Shortly after the King attained his majority, Colin Fitzgerald, correctly speaking Fitz John is said to have been driven out of Ireland and to have sought refuge at the Scottish Court, where he was heartily welcomed by the King, by whom his rank and prowess well known to him by repute, were duly recognised and acknowledged.
At this time Alexander was preparing to meet Haco, King of Norway, who, on the 2nd of October, 1262, landed with a large force on the coast of Ayrshire, where he was met by a gallant force of fifteen hundred knights splendidly mounted on magnificent chargers – many of them of pure Spanish breed – wearing breastplates, while their riders, clad in complete armour, with a numerous army of foot armed with spears, bows and arrows, and other weapons of war, according to the usage in their respective provinces, the whole of this valiant force led by the King in person. These splendid, well-accoutred armies met at Largs two or three days after, and then commenced that sanguinary and memorable engagement which was the first decisive check to the arrogance of the Norsemen who had so long held sway in the West Highlands and Isles, and the first opening up of the channel which led to the subsequent arrangements between Alexander III. of Scotland and Magnus IV. of Norway in consequence of which an entirely new organisation was introduced into the Hebrides, then inhabited by a mixed race composed of the natives and largely of the descendants of successive immigrant colonists of Norwegians and Danes who had settled in the country.
In this memorable engagement, we are told, the Scots commenced the attack. The right wing, composed of the men of Argyle, of Lennox, of Athole, and Galloway, was commanded by Alexander, Lord High Steward, while Patrick Dunbar, Earl of March, commanded the left wing, composed of the men of the Lothians, Berwick, Stirling, and Fife. The King placed himself in the centre, at the head of the choice men of Ross, Perth, Angus, Mearns, Mar, Moray, Inverness, and Caithness, where he was confronted by Haco in person, who, for the purpose of meeting the Scottish King, took post in the Norwegian centre. The High Steward, by a dexterous movement, made the enemy’s left give way, and instantly, by another adroit manoeuvre, he wheeled back on the rear of Haco’s centre, where he found the two warrior Kings desperately engaged. This induced Haco, after exhibiting all the prowess of a brave King and an able commander, to retreat from the field, followed by his left wing, leaving, as has been variously stated, sixteen to twenty-four thousand of his followers on the field, while the loss on the Scottish side is estimated at about five thousand. The men of Caithness and Sutherland were led by the Flemish Freskin, those of Moray by one of their great chiefs, and there is every reason to believe that the men of Ross rallied round one of their native chiefs. Among the most distinguished warriors who took part in this great and decisive victory for the Scots, under the immediate eye of their brave King, was, it is said, Colin Fitzgerald, who is referred to in a fragment of the Record of Icolmkill as “Callenus peregrinus Hibernus nobilis ex familia Geraldinorum qui proximo anno ab Hibernia pulsus opud regni benigne acceptus hinc usque in curta permansit et in praefacto proelio strenue pugnavit.” That is, “Colin, an Irish stranger and nobleman, of the family of the Geraldines who, in the previous year, had been driven from Ireland, and had been well received by the King, remained up to this time at Court, and fought bravely in the aforesaid battle.” This extract has often been quoted to prove that Colin Fitzgerald was the progenitor of the Mackenzies; but it will be noticed that it contains no reference whatever to the point. It merely says that Colin, an Irishman, was present at Largs.

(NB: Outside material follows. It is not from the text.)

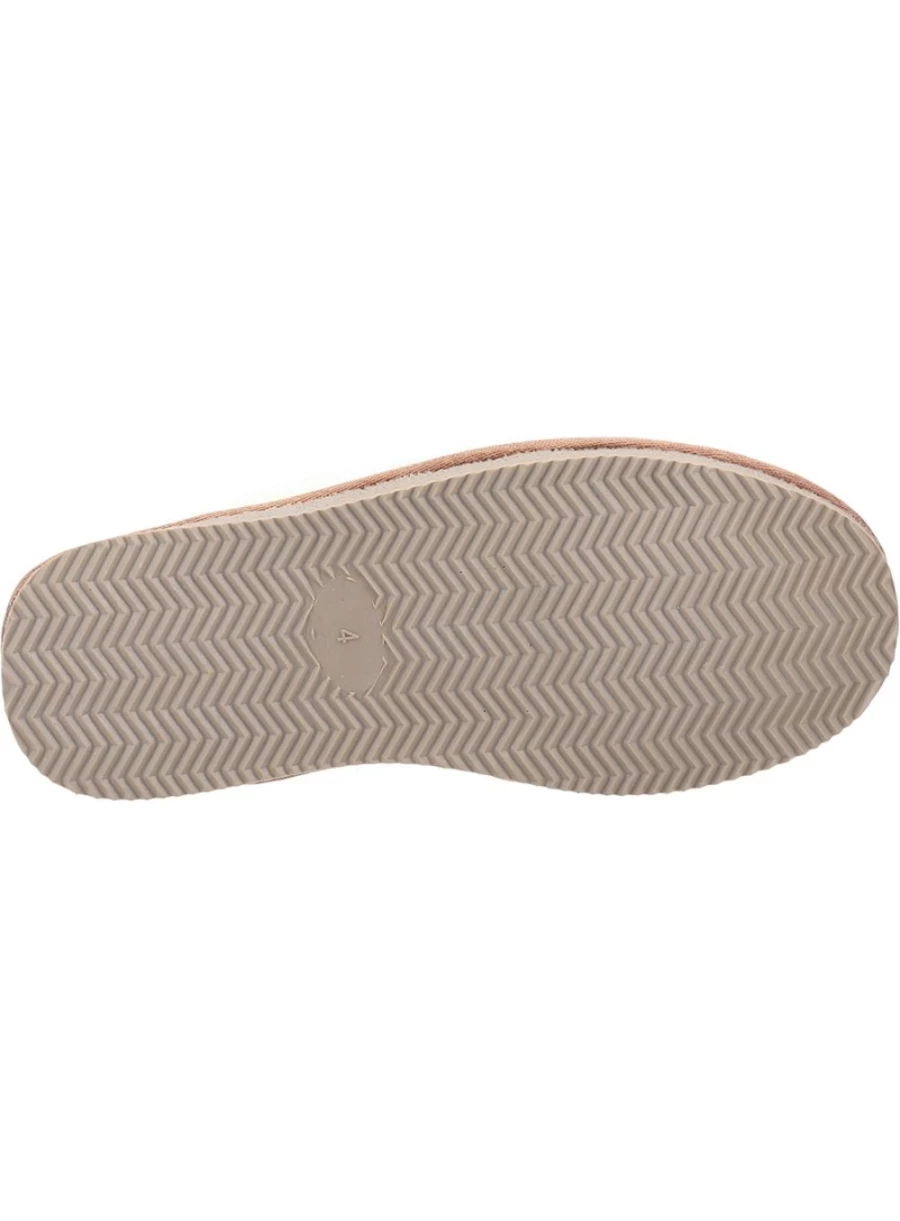Hush Puppies Women's Arianna Comfort Mule Slippers – Soft & Supportive Indoor/Outdoor Slides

After the defeat of Haco the King sent detachments to secure the West Highlands and Isles, and to check the local chiefs. Among the leaders sent in charge of the Western garrisons was, according to the supporters of the Irish-origin theory, Colin Fitzgerald, who, under the patronage of Walter Stewart, Earl of Menteith, was settled in the Government of the Castle of Ellandonnan, the well-known stronghold of the Mackenzies, in Kintail, situated on a small rocky island at the junction of Lochalsh, Loch Duich and Loch Long. Colin’s jurisdiction, it is said, extended over a wide district, and he is referred to in the fragment of the Record of Icolmkill, already quoted, as he “of whom we have spoken at the battle of Largs, and who afterwards conducted himself with firmness against the Islanders, and was left a governor among them.” Sir George Mackenzie, first Earl of Cromartie, who will be proved later on to have been the inventor of the Fitzgerald theory, says in a MS. history of the clan, that Colin “being left in Kintail, tradition records that he married the daughter of Mac Mhathoin, heritor of the half of Kintail. This Mhathoin,” he continues, “is frequently identified with Coinneach Gruamach Mac Mhathoin, Cailean’s predecessor as Governor of Ellandonnan Castle. The other half of Kintail belonged to O’Beolan, one of whose chiefs, Ferchair, was created Earl of Ross, and his lands were given to Cailean Fitzgerald.” It will be proved by incontestible public documents still in existence, that these identical lands were, except that they once for a time exchanged them with a relative for lands in Buchan, uninterruptedly possessed by the Earls of Ross, the descendants of this Ferchair, or Farquhar, for two centuries after the battle of Largs.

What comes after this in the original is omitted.